Short descriptive text snippets
++++++++++++++++++++
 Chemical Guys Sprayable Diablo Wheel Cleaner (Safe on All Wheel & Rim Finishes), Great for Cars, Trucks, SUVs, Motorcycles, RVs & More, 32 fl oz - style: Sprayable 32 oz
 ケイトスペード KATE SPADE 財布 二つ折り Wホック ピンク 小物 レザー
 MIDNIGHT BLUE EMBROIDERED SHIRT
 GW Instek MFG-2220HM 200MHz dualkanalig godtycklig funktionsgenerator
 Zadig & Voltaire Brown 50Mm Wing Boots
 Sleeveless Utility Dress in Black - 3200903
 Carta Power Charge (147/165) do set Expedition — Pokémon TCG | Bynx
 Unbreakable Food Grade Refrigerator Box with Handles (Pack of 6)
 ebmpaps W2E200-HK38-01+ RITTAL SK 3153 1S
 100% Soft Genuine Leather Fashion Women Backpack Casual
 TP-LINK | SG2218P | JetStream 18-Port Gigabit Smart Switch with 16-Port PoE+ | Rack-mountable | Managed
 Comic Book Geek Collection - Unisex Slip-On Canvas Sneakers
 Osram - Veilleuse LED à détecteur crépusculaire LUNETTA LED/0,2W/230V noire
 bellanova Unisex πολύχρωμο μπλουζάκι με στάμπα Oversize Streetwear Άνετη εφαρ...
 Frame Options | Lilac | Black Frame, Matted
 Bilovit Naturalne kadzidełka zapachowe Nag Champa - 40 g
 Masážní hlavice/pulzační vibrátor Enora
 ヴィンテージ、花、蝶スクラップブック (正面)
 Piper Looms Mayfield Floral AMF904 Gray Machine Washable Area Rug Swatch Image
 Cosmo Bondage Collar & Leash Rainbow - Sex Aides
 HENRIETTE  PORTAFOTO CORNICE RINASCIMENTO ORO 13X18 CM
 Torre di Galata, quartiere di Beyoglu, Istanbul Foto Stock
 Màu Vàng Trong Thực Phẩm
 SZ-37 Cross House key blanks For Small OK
++++++++++++++++++++
◆ Directions ◆
Each of the lines from the one that contains "Comic Book Geek" through the last line of the data needs to be repeated exactly, with no others.

◆ Reply to the task ◆
 Comic Book Geek Collection - Unisex Slip-On Canvas Sneakers
 Osram - Veilleuse LED à détecteur crépusculaire LUNETTA LED/0,2W/230V noire
 bellanova Unisex πολύχρωμο μπλουζάκι με στάμπα Oversize Streetwear Άνετη εφαρ...
 Frame Options | Lilac | Black Frame, Matted
 Bilovit Naturalne kadzidełka zapachowe Nag Champa - 40 g
 Masážní hlavice/pulzační vibrátor Enora
 ヴィンテージ、花、蝶スクラップブック (正面)
 Piper Looms Mayfield Floral AMF904 Gray Machine Washable Area Rug Swatch Image
 Cosmo Bondage Collar & Leash Rainbow - Sex Aides
 HENRIETTE  PORTAFOTO CORNICE RINASCIMENTO ORO 13X18 CM
 Torre di Galata, quartiere di Beyoglu, Istanbul Foto Stock
 Màu Vàng Trong Thực Phẩm
 SZ-37 Cross House key blanks For Small OK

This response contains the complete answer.